Ekspresowa wymiana floty
Airbus zakłada, iż wymiana floty LOT-u może rozpocząć się już w przyszłym roku, a cały proces zakończy się w 2030 roku. Oznacza to, iż LOT stanie przed koniecznością szybkiego podjęcia decyzji – im wcześniej linia wybierze dostawcę, tym większe korzyści może odnieść.
Czy więc LOT kupi samoloty Airbusa? Jednym z argumentów przemawiających za wyborem tej firmy jest fakt, iż producent już teraz prowadzi szeroką działalność w Polsce. Airbus zatrudnia w kraju 850 pracowników i współpracuje z polskimi dostawcami, przeznaczając na zakupy ok. 500 mln dolarów rocznie. Dla porównania, konkurencyjny Embraer wydaje w Polsce zaledwie 30 mln dolarów.
Dodatkowym atutem dla LOT-u może być fakt, iż Airbus A220 jest napędzany silnikami Pratt & Whitney – tymi samymi, które już są używane w obecnej flocie narodowego przewoźnika. To oznacza mniejsze wyzwania w zakresie serwisowania i szkoleń technicznych.
Embraer nie składa broni
Choć oferta Airbusa jest bardzo atrakcyjna, brazylijski Embraer nie zamierza rezygnować z walki o kontrakt. Producent zaprezentował w Warszawieswoją propozycję, obejmującą samoloty E195-E2. Embraer podkreśla, iż jego oferta nie ogranicza się jedynie do sprzedaży maszyn – firma chce zaangażować się w rozwój polskiego przemysłu lotniczego poprzez produkcję, montaż i serwisowanie samolotów.

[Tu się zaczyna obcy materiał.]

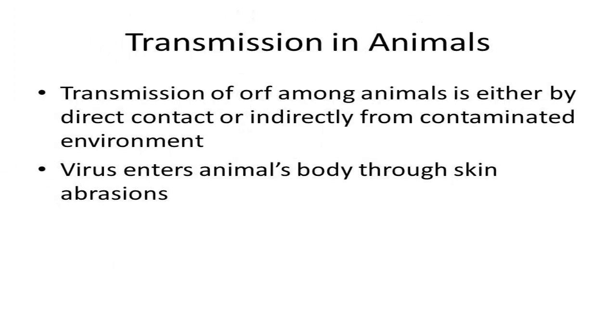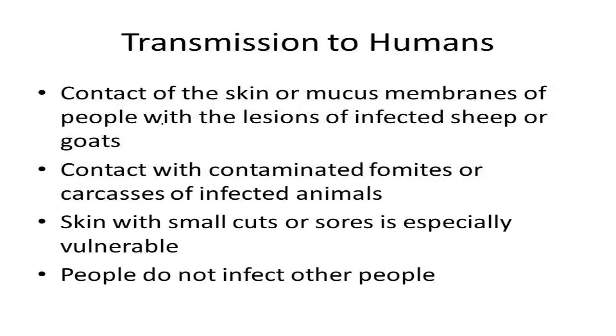Transmission of ORF among animals in a herd or flock occurs either by direct contact with infected animals or indirectly from contact with environments contaminated with this pox virus. The virus enters the animal's body through skin abrasions, so illness rate can be high among animals that eat coarse feeds and pasture plants likely to cause damage to the mouth. ORF is transmitted by direct contact inoculation.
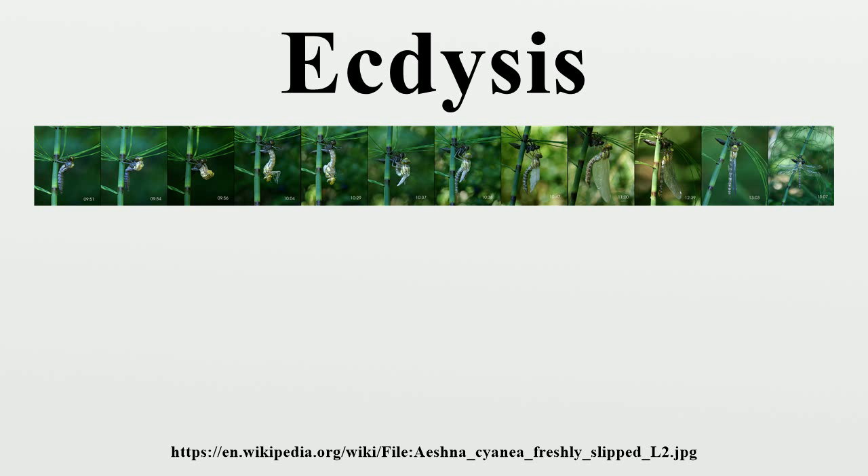In preparation for ecdysis, the arthropod becomes inactive for a period of time, undergoing apolysis — the separation of the old exoskeleton from the underlying epidermal cells. For most organisms, the resting period is a stage of preparation during which the secretion of fluid from the molting glands of the epidermal layer and the loosening of the underpart of the cuticle occur. Once the old cuticle has separated from the epidermis, a digesting fluid is secreted into the space between them.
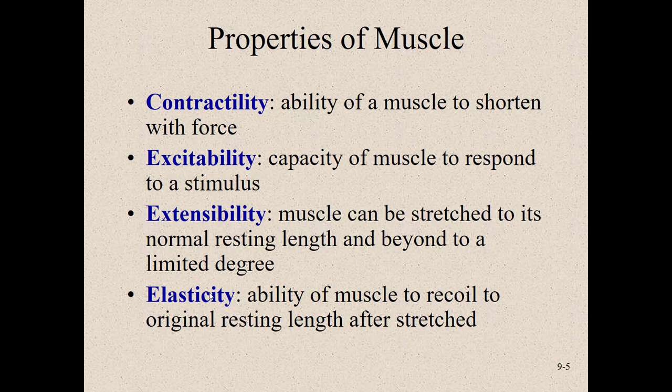Excitability means the muscle cell has a resting membrane potential that can change. We can open channels on a muscle cell membrane, change the resting potential, and fire off an action potential. Nerve cells and muscle cells are the only two cells with excitable membranes. Extensibility and elasticity mean that once I stretch a muscle, it will bounce back to its resting length — with the exception of smooth muscle, which can have a new resting length.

Zarówno Airbus, jak i Embraer mają mocne argumenty przemawiające za ich ofertami. Wybór, jakiego dokona LOT, będzie miał ogromny wpływ na przyszłość narodowego przewoźnika oraz polskiego rynku lotniczego. Decyzja o nowej flocie musi uwzględniać nie tylko parametry techniczne samolotów, ale także ich wpływ na koszty operacyjne, komfort pasażerów oraz przyszłe inwestycje w infrastrukturę lotniczą w Polsce. Czy LOT zakupi samoloty europejskiego giganta, stawiając na nowoczesność i efektywność Airbusa? A może wybierze sprawdzonego partnera, jakim jest Embraer? Ostateczne rozstrzygnięcie poznamy w ciągu najbliższych miesięcy.